I am occasionally interrogated about what the most vexing aspect of being a film critic is. The daunting number of films to be watched? The deadlines that drive you to calcify into cold words a nascent opinion-cloud still swirling in the mind? The bigger problem, in my experience, is being faced with readers who subscribe to what literary theory labels Authorial Intent. “Aren't you reading too much into this film?” I'll be asked. “How do you know that the director put it there?” And no amount of “I don't know that the director put it there, but more crucially I don't care whether he put it there or not” will stave off their scepticism.
What's frustrating is the fundamental non-resolvability of the situation. You belong to the Authorial Intent school, deeming that the author decides the meaning of art, whereas I am a card-carrying subscriber of the Reader Response club, which shifts the responsibility of gleaning meaning from the person who creates art to the one who experiences it. Wouldn't it be easier, instead of reading me and wringing your hands, to latch on to a critic more consonant with the way you view art, someone who pinkie-swears by Authorial Intent? Besides, how, short of buttonholing the director for explanations, do you determine Authorial Intent? And even then, how do we know he's telling the truth?
Films, so often, are amoebic entities, beginning life as one thing and ending up resembling something else altogether. Would Authorial Intent, then, manifest itself in the writing stage, which is the stage the author has fullest control over but which may bear little relation to the film that's later shot and cut and plastered on our neighbourhood screens? In this context, I imagine myself viewing, say, “Moondram Pirai (Sadma)” alongside Balu Mahendra. And I ask him about the nari kadhai song sequence, whether he picked the fable of the fox — the one that jumped into a vat of blue dye and was subsequently anointed the king of the jungle, until the dye dissolved in the rain and exposed the fox as a fraud — because the narrative arc of the fox is a distant echo of the arc negotiated by Kamal Haasan's character.
He is, after all, a nobody (like the fox) who, through a salubrious twist of fate, becomes the ruler of a woman's life, until he is restored, at the end, to the nobody he was, a fraudulent claimant to her emotions.
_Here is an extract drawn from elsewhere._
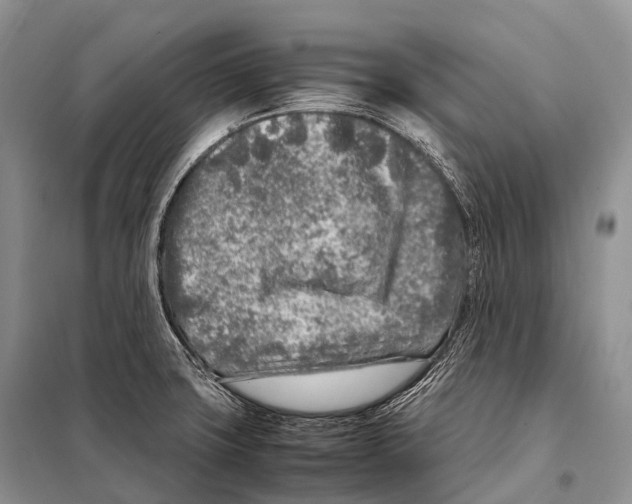 X0000098121427200805021146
Balu Mahendra might laugh and say no, that he chose the fable simply because it was familiar to everyone. But I would still have, in my Reader Response corner, evidence from the film that supports this possibility: Kamal, through his frequent aping of a trained monkey, has already aligned himself with the animal kingdom. Surely that's no coincidence.
Or is it? Maybe the director didn't zoom in on this fable consciously — but couldn't it be otherwise? A filmmaker I've been talking to a lot lately swears that everything in his films is there because he wants it that way. I respectfully disagree, and I think that the only person (thing?) capable of telling me the “truth” is Balu Mahendra's unconscious. That's why I like the term “film analysis”, which suggests the critic putting the filmmaker on the couch and analysing his work, the intents that produced, which may have sprung from unconscious wells deep within. That process, to me, is both intriguing and interesting.